I am searching my house up and down for a poem I wrote last year on same random sheets of paper.    Just to be safe, I pulled out my poetry folder from the writing drawer and check to make sure I hadn’t out it away – I hadn’t.      It was interesting though to look back at some of my writing that dates from the late eighties and early nineties, when I was a child.

Very little of this material is dated,  but two of these pieces (Circles, and It Couldn’t Last)  are typewritten,  which means I most probably wrote them the summer I was 13, while staying with my grandparents in Wyoming while the rest of the family moved from Wyoming to Illinois.    The untitled tanka is from a school project on poetry – a little volume demonstrating different forms.   Other poems in the handwritten volume reference the Horned One and the Lady of Sea,  placing the writing somewhere between the summer ’84  when I first encountered goddess spirituality while searching for books by Andre Norton, and ’89,  when I got my first typewriter.

It Couldn’t Last

Laughing in love,

saying words we neither meant.

If time in love is wasted,

it was wasted time well spent.

 

Circles

Circles circumscribe the world.

Red slashed for no, green lit for go,

and foiled latex assuring save sex.

Coffee mugs, and water jugs,

the throat the killer throttles.

The needle, pill, the cigarette,  and of course the bottles.

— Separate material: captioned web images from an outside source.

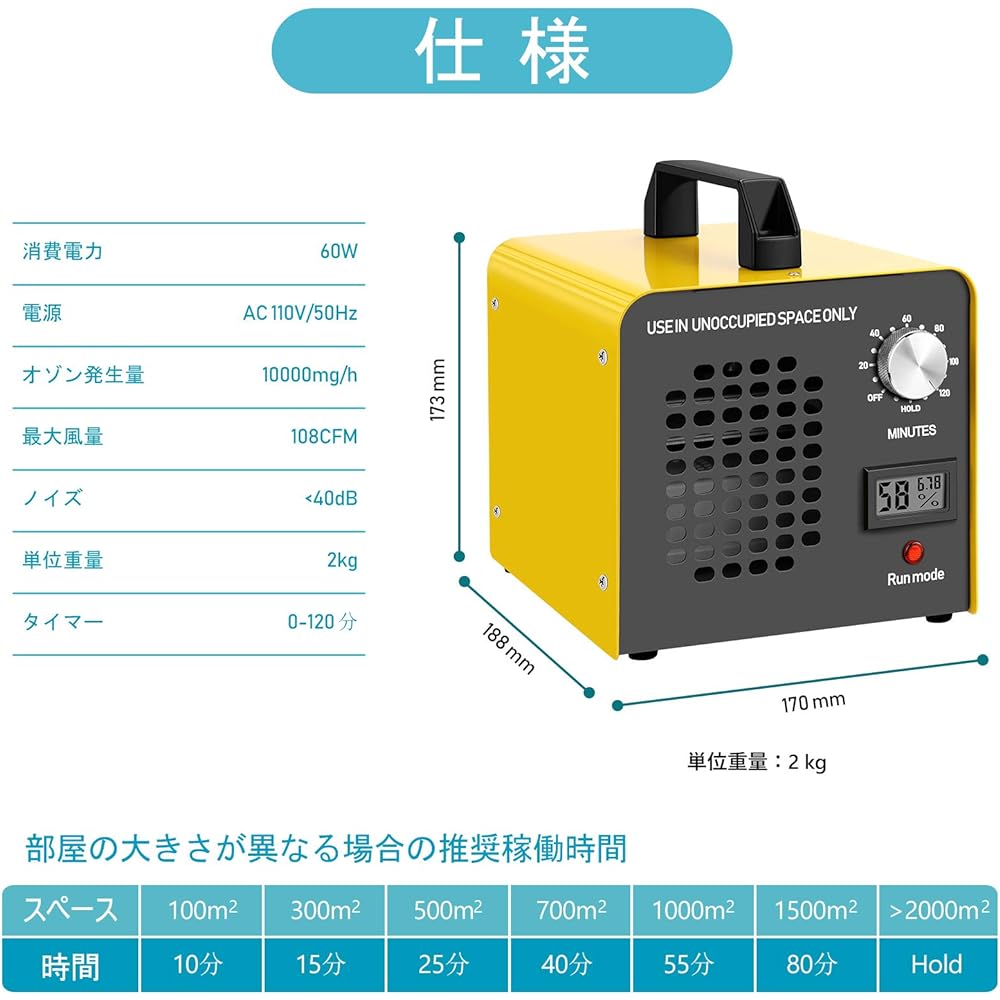 Ozone Generated Amount, PSE Certified, 10,000 mg/h, Commercial Ozone Generator, Deodorizer, Industrial Air Cleaner, Household Air Purifier, Compliant with Japanese Specifications, Electrical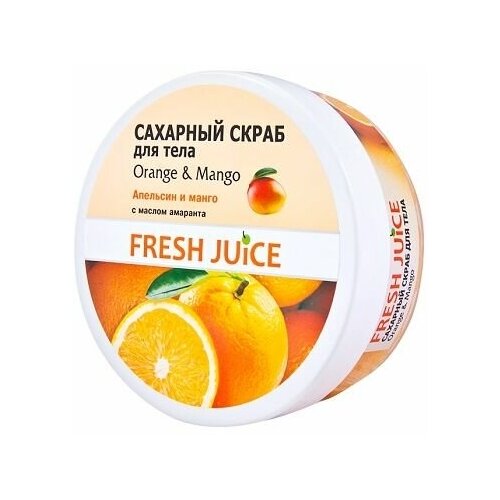 Скрабы и пилинги  Яндекс Маркет Fresh Juice Сахарный скраб для тела Orange and Mango, 225 мл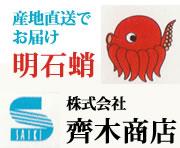 株式会社 齊木商店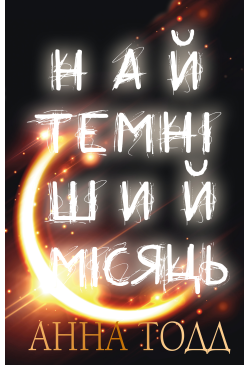 Найтемніший місяць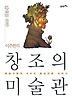 이주헌의 창조의 미술관
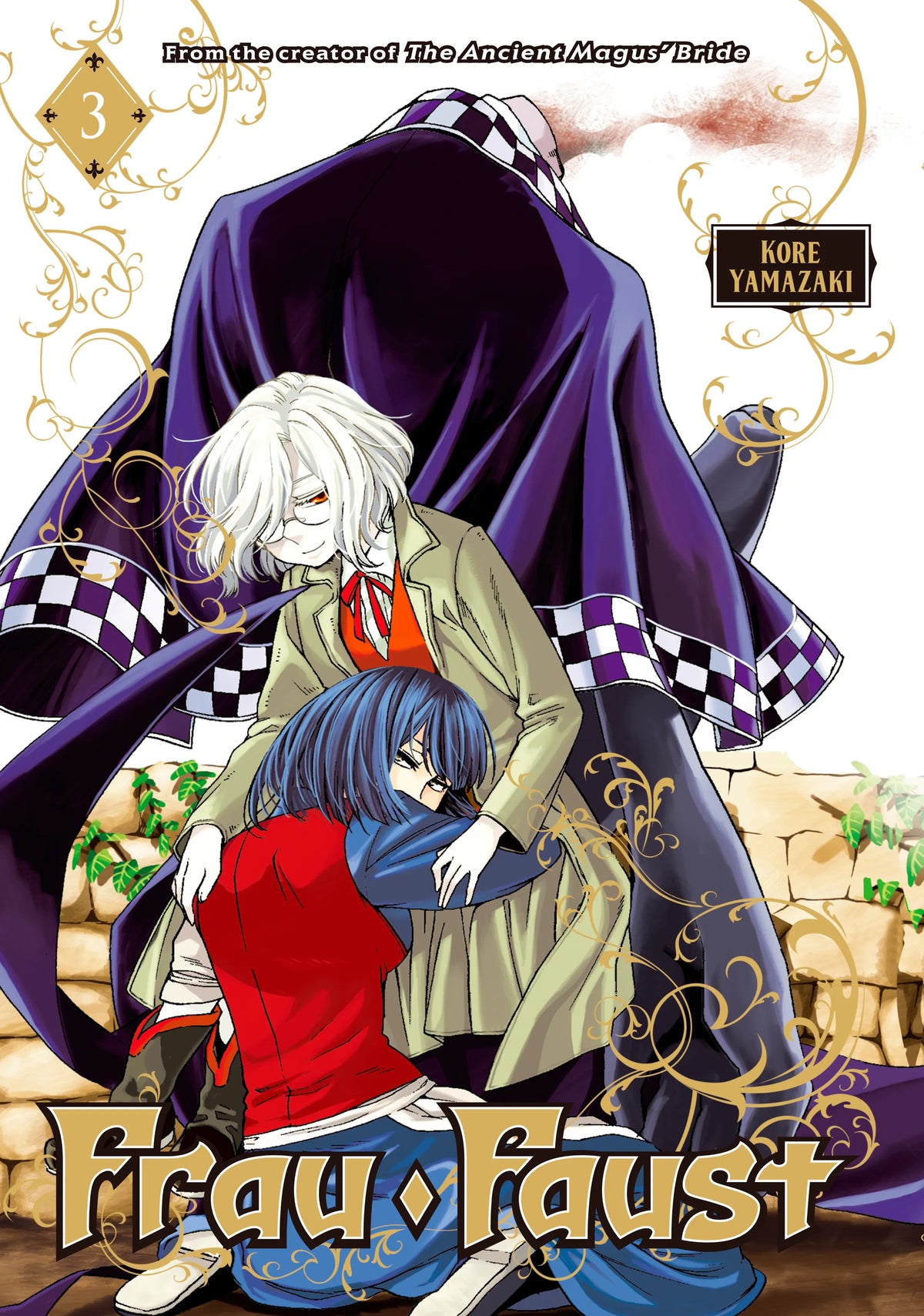 Frau Faust Vol. 2 English Manga Paperback book cover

Sugar cookies, ice cream cones,

smiley faces, aerodomes.

With each life take, each baseball hurled

another circle round the world.

 

Untitled

Blue sky high above.

Quite bright sun glowing high up.

Birds’ shadows darting

across the ground.   Dark, smooth like

stones skipping across the water.

 

And the sweater:

0111161555a  Some assembly required.   5 skeins of golden brown, two of white,  100% wool, and so old that the labels are just ‘ounces of worsted’, with no yardage.    Roughly estimating 150 yards per skein,  that gives me just over a thousand yards,   enough for a small sweater.   I’m thinking colorwork in the yoke, maybe at the cuffs.